ScienceDirect API in Python

ScienceDirect API in Python#

by Vincent F. Scalfani

These recipe examples use the Elsevier ScienceDirect Article (Full-Text) API. Code was tested and sample data downloaded from the ScienceDirect API on April 20, 2022 via http://api.elsevier.com and https://www.sciencedirect.com/.

You will need to register for an API key from the Elsevier Developer portal in order to use the ScienceDirect API. This tutorial content is intended to help facillitate academic research. Before continuing or reusing any of this code, please be aware of Elsevier’s API policies and appropiate use-cases, as for example, Elsevier has detailed policies regarding text and data mining of Elsevier full-text content. If you have copyright or other related text and data mining questions, please contact The University of Alabama Libraries.

ScienceDirect APIs Specification: https://dev.elsevier.com/sd_api_spec.html

Elsevier How to Guide: Text Mining: https://dev.elsevier.com/tecdoc_text_mining.html

Setup#

Import Libraries#

import json
import requests
from time import sleep

Import API key#

As a good practice, do not display your API key in your computational notebook (to prevent accidental sharing). Save your API key to a separate python file, then import your key.

from api_key import myAPIKey

Identifier Note#

We will use DOIs as the article identifiers. See our Crossref and Scopus API tutorials for workflows on how to create lists of DOIs and identfiers for specific searches and journals. The Elsevier ScienceDirect Article (Full-Text) API also accepts other identifiers like Scopus IDs and PubMed IDs (see API specification documents linked above).

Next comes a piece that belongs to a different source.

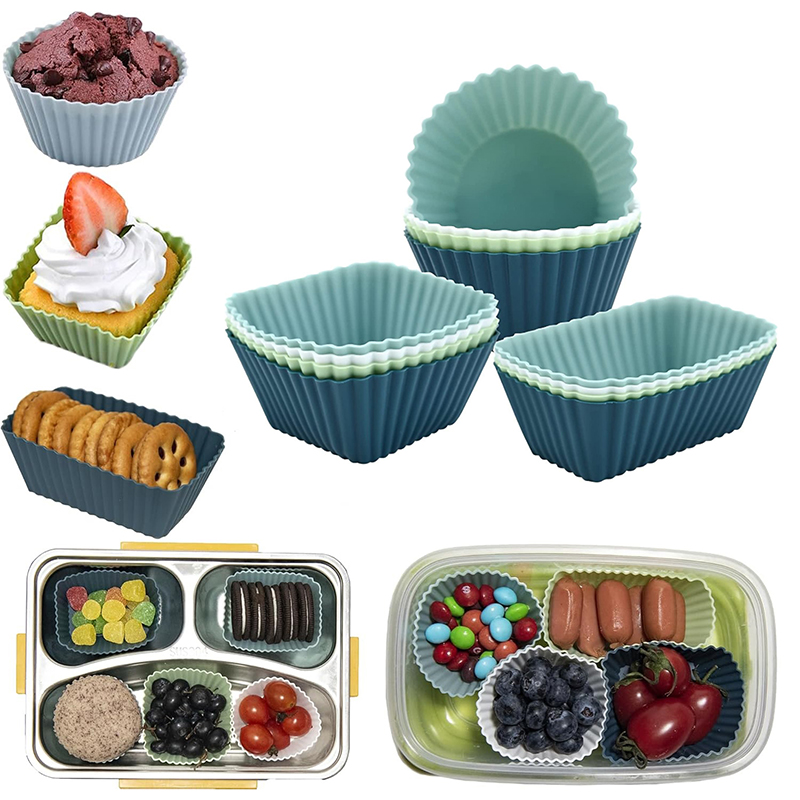 4/10/12 Stuks Herbruikbare Sil - Meal Prep Bowl recensie en prijs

1. Retrieve full-text XML of an article#

# for xml download
elsevier_url = "https://api.elsevier.com/content/article/doi/"
doi1 = '10.1016/j.tetlet.2017.07.080' # example Tetrahedron Letters article
fulltext1 = requests.get(elsevier_url + doi1 + "?APIKey=" + myAPIKey + "&httpAccept=text/xml")

# save to file
with open('fulltext1.xml', 'w') as outfile:
    outfile.write(fulltext1.text)

2. Retrieve plain text of an article#

# for simplified text download
elsevier_url = "https://api.elsevier.com/content/article/doi/"
doi2 = '10.1016/j.tetlet.2022.153680' # example Tetrahedron Letters article
fulltext2 = requests.get(elsevier_url + doi2 + "?APIKey=" + myAPIKey + "&httpAccept=text/plain")

# save to file
with open('fulltext2.txt', 'w') as outfile:
    outfile.write(fulltext2.text)

3. Retrieve full-text in a loop#

# make a list of 5 DOIs for testing
dois = ['10.1016/j.tetlet.2018.10.031',
        '10.1016/j.tetlet.2018.10.033',
        '10.1016/j.tetlet.2018.10.034',
        '10.1016/j.tetlet.2018.10.038',
        '10.1016/j.tetlet.2018.10.041']

# Retrieve article full text for each DOI in a loop and save each article to a separate file.
# Example shown for plain text, XML also works (replace 'plain' with 'xml')

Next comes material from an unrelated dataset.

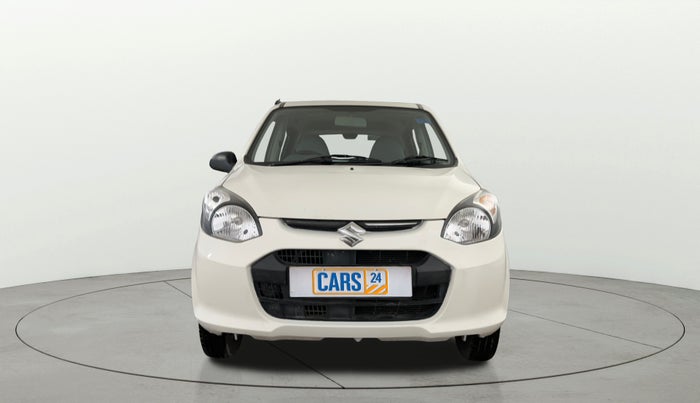 2015 Maruti Alto 800 LXI, Petrol, Manual, 24,289 km, Front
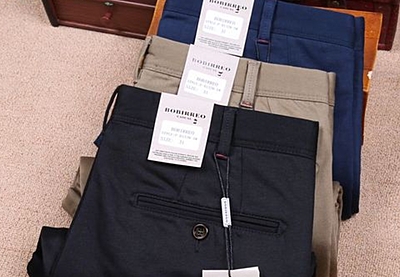 HIGH QUALITY Chinos Trousers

elsevier_url = "https://api.elsevier.com/content/article/doi/"
for doi in dois:
    article = requests.get(elsevier_url + doi + "?APIKey=" + myAPIKey + "&httpAccept=text/plain")    
    doi_name = doi.replace('/','_') # can't save files with a '/' character on Linux
    with open(doi_name + '_plain_text.txt', 'w') as outfile:
        outfile.write(article.text)
    sleep(1) # pause for 1 second between API calls